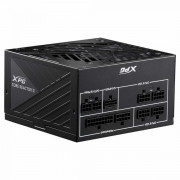 Fonte XPG Core Reactor II, 650W, 80 Plus Gold, Full Modular, ATX 3.0, PFC Ativo, Preto - COREREACTORII650G-BKCBR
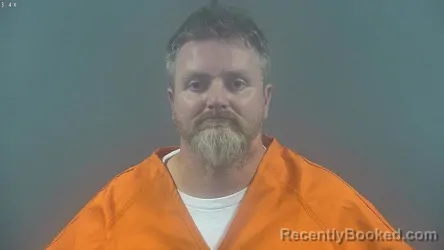 Mugshot of CHRISTOPHER LEWIS BLAKE booked in Warren County, Kentucky on June 3, 2026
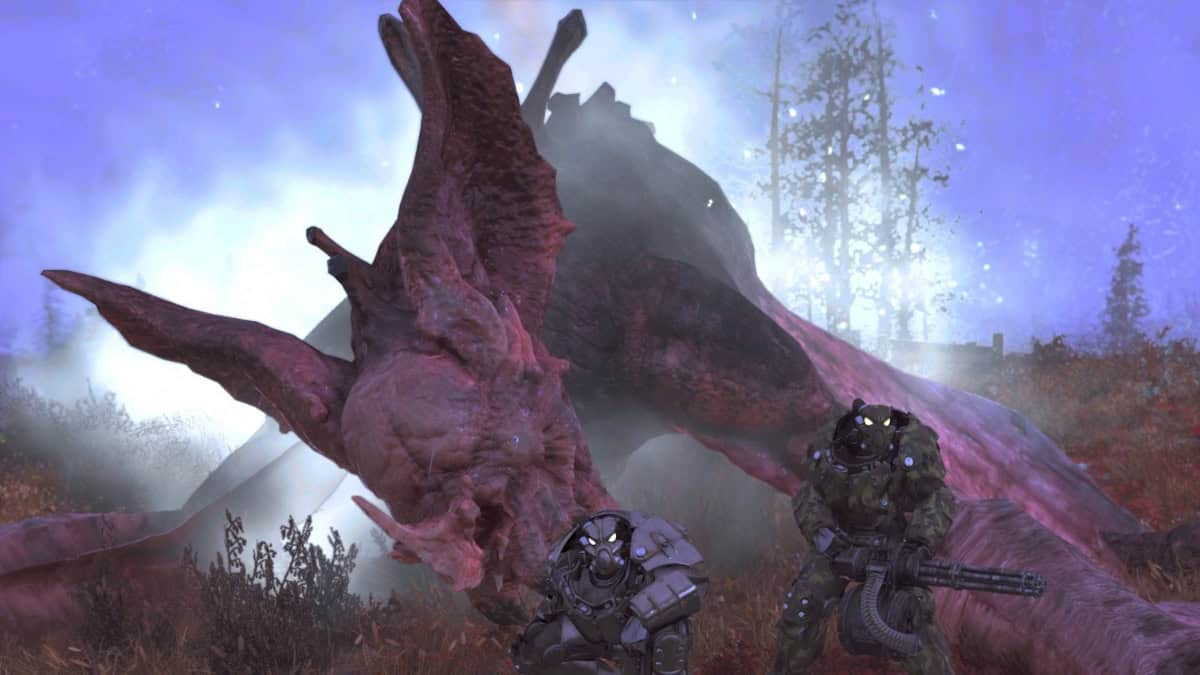 10 Biggest Monsters in the Fallout Lore, Ranked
☆ ☆ ☆ ☆ ☆
A verbatim transcript of the material above, with images dropped, is the expected output.

[SOLUTION TO THIS PROBLEM]
 Fonte XPG Core Reactor II, 650W, 80 Plus Gold, Full Modular, ATX 3.0, PFC Ativo, Preto - COREREACTORII650G-BKCBR
 Mugshot of CHRISTOPHER LEWIS BLAKE booked in Warren County, Kentucky on June 3, 2026
 10 Biggest Monsters in the Fallout Lore, Ranked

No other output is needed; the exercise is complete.